When she gets around to asking him if she liked him before she lost her memory, he tells her that they were a couple, which contradicts what he had said previously.

Playing through Toma's route was fascinating, because choosing the right dialogue choices reveals that there is a lot that Toma is hiding from her, but it's also clear that despite not being her boyfriend, he cares a lot about her. He says and does all kinds of contradictory things (he says he's her boyfriend, but also mentions that they haven't held hands in years) and resists all attempts at intimacy.

It made for a compelling read. I loved it. I was pretty sure he was ultimately on the protagonist's side and had a good reason for his deception, but then I hit the second half of his route.
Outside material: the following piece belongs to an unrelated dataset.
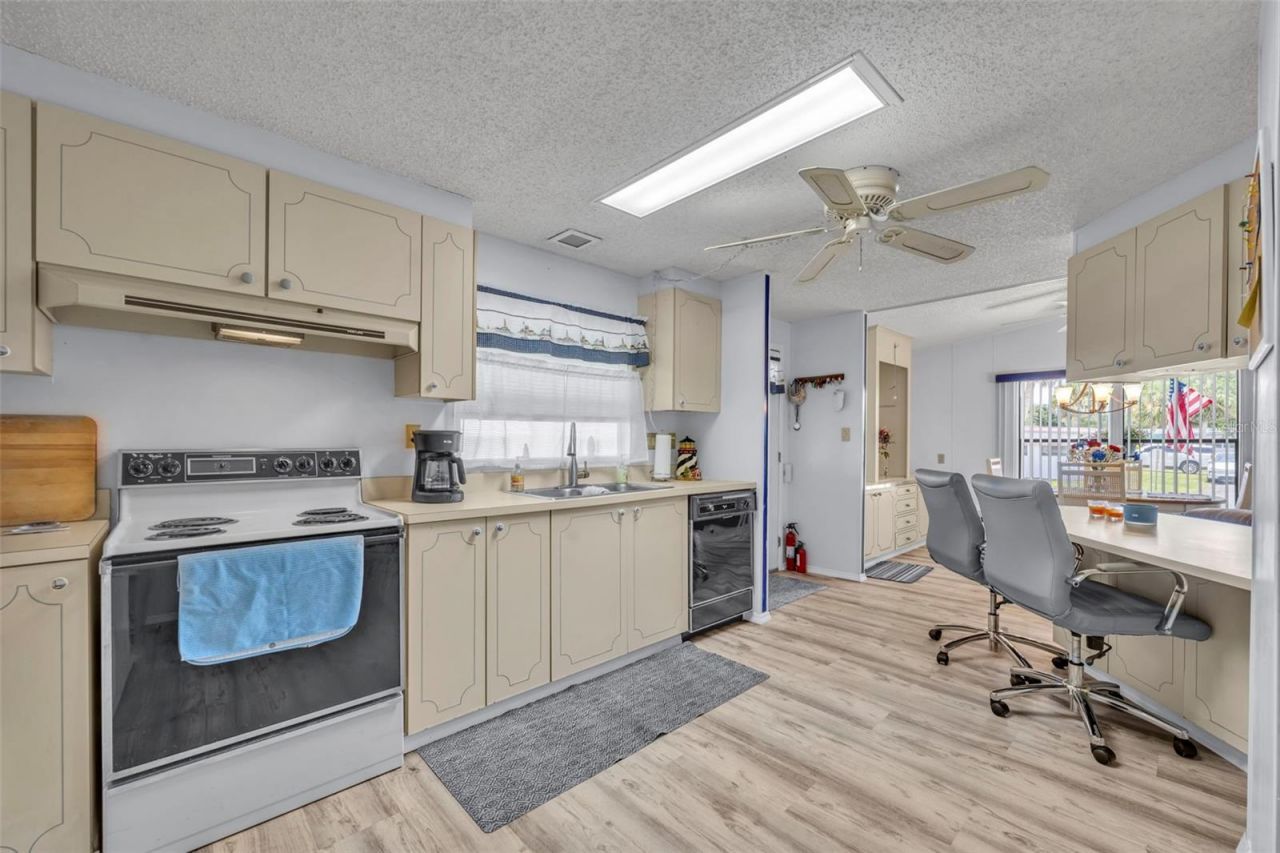 91 Mauna Loa Drive , Leesburg, FL 34788 Photo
You see, Toma's route is the problematic one that I alluded to in my first post, and it makes the game difficult to recommend because I'm not down with attempted rape perpetrated by the love interest.

Toma is, in anime fandom terms, yandere. It's a type of character that normally comes off as sweet until jealousy or overprotectiveness unlocks their crazy side.

And no matter what the player does, he will be a bastard to the protagonist in the second half of the route. Unless enough correct choices are made throughout the story (walkthrough probably needed) he is not redeemable. One of the other characters even lampshades this by telling the protagonist that Toma is the least frequent of the love interests to have a happy ending with her in all the worlds.

I was... rather shocked and disbelieving when Toma locked my protagonist in a large dog cage to stop her from leaving his apartment. It's not exactly where I wanted to spend a third of my playthrough.

Because of the memories I had unlocked so far, I was pretty sure that Toma was doing this because it was his sick and twisted way of protecting the protagonist, but there's no getting away from the sick and twisted. He reveals just how much he's been observing the protagonist, and in subsequent playthroughs of his route (I got his bad ending first and wanted to try for his good ending later) his attentiveness to everything she likes comes off far more sinister than the first time through.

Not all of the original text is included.